Archie Goodwin goes undercover, unconvincingly and unsuccessfully, in Goldsborough’s 12th Nero Wolfe pastiche (Stop the Presses!, 2015, etc.).
Having just closed a case that brought him a big retainer, Wolfe, currently immersed in reading The Hidden Persuaders and Silent Spring, isn’t eager to listen to rival orchid grower Lewis Hewitt’s friend Broadway producer Roy Breckenridge. Even after he responds to the irresistible bait Hewitt dangles before him, Wolfe learns little from Breckenridge’s account of vague misgivings about his production of Death at Cresthaven despite its laudatory reviews and respectable box office earnings.
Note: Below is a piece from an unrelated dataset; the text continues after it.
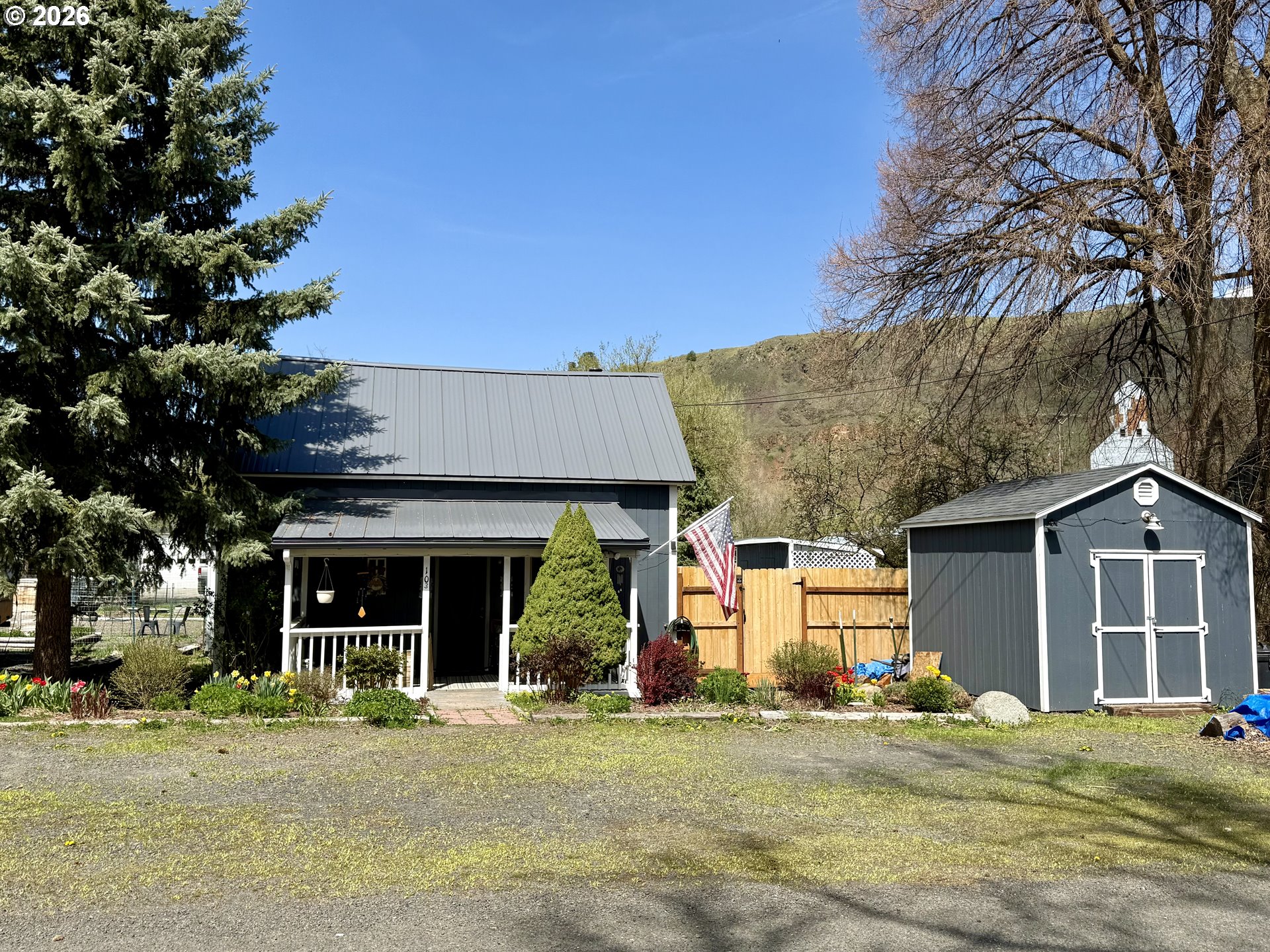 103 4TH ST, Wallowa, OR 97885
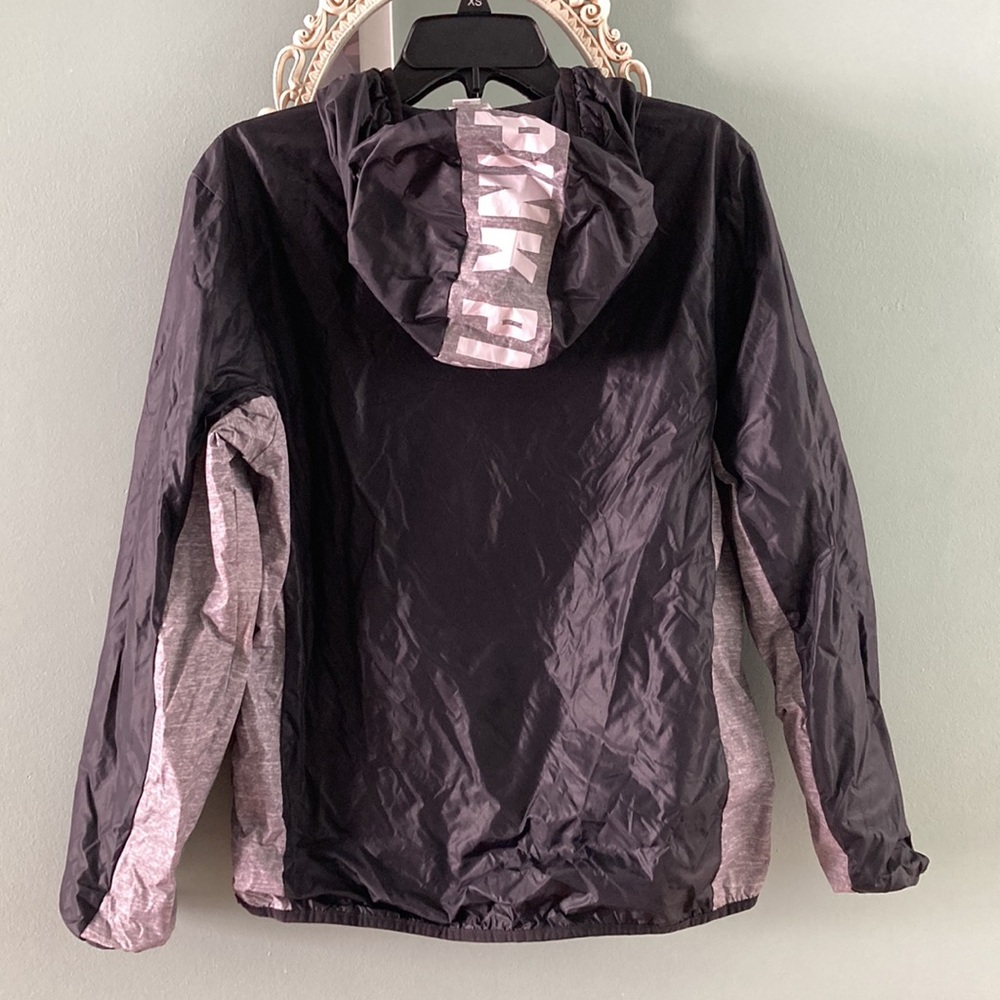 Windbreaker - Picture 2 of 2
Since Wolfe leaves home only to visit his barber, he sends Archie to poke around in the guise of one Alan MacGregor, a writer for the fictitious StageArts Canada, recalling Archie's similar role in Rex Stout's If Death Ever Slept (1957). Archie’s cover keeps his interviews with Tony-hungry leading lady Ashley Williston, Hollywood action star Brad Lester, juvenile Steve Peters, ingénue Melissa Cartwright, character actors Max Ennis and Teresa Reed, and stage manager Hollis Sperry anodyne, and he’s looking elsewhere when somebody spikes Breckenridge’s Coca-Cola with arsenic. Wolfe, predictably miffed—though no more miffed than Inspector Cramer or Lon Cohen, Archie’s pal at the New York Gazette—summons the suspects seriatim to his brownstone, spots a telltale omission few readers will notice, and announces the culprit at a ritual gathering of them all at the same venerable location.
Grade A for franchise allusions, B-minus for dialogue, C for backstage atmosphere, and F for plotting, since Goldsborough relies on the same relentlessly unvaried Q-and-A that gave golden-age mysteries such a bad name. As the new homicide cop says: “This has been one colossal waste of time.”